が今までの見ているものが楽しくなるような笑顔とは違う、どこか作ったような笑みに見えて常連客たちはそれぞれに、それなりに心配していた。
「なあ、ルディア。何かあったのか?」
そう問いかけると彼女は笑って答える。
「何でもないですよ?」
(「何でもないようには見えねえよなあ‥」)
顔を見合わせる客たちの後ろで、カタン! ドアが静かに開いた。
「こんばんは」
美しい踊り子レピア・浮桜の登場に、ホールは小さく沸いた。

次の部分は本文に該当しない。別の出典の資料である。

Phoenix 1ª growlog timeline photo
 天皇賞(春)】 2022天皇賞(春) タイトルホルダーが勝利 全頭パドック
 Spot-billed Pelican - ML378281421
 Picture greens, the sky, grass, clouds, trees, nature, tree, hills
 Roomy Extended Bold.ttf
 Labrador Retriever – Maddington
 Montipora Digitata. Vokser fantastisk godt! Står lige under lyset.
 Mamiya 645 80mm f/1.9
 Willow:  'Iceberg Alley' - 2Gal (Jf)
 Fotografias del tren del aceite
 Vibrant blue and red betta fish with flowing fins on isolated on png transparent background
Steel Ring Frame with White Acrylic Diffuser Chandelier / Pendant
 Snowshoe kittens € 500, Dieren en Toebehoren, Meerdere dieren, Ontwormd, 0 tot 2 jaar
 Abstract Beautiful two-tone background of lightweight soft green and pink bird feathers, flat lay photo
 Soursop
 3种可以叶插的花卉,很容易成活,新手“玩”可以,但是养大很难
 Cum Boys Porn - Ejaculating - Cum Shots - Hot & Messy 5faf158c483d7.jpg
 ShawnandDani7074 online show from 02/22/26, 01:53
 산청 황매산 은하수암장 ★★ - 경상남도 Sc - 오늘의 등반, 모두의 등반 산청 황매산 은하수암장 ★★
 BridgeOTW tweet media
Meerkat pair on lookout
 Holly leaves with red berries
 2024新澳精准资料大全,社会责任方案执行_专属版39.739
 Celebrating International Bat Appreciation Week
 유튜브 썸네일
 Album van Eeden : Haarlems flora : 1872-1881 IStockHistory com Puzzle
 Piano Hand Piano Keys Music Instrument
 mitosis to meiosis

客の一人がほらほら、とエールを運んできたルディアの服を引く。
「語り部の姉ちゃんが来たぜ? いつもの話頼んだらどうだ?」
ルディアを元気付けようとしてくれたのだろう。だが、当のルディアの表情はまるで貼り付けた面のように動かなかった。
作り笑いさえ無い。
「いらっしゃい。レピアさん。ご注文は?」
「‥ルディア‥‥。いえ、ワインをお願い」
「はい。少々お待ちください」
苦笑、という言葉で表すにはあまりにも複雑な、そして寂しげな笑みを浮かべて、レピアは厨房に消えるルディアの背中を見送った。
「音楽をお願い。‥‥激しいのがいいわ」
「は、はい!」
吟遊詩人は踊り子のリクエストに答え、荒々しいリズムを奏でた。
激しいステップが白山羊亭のホールに響き渡る。
やがて‥踊り終わったレピアはカウンターに置かれたワインのグラスを取って、ふと横に目をやった。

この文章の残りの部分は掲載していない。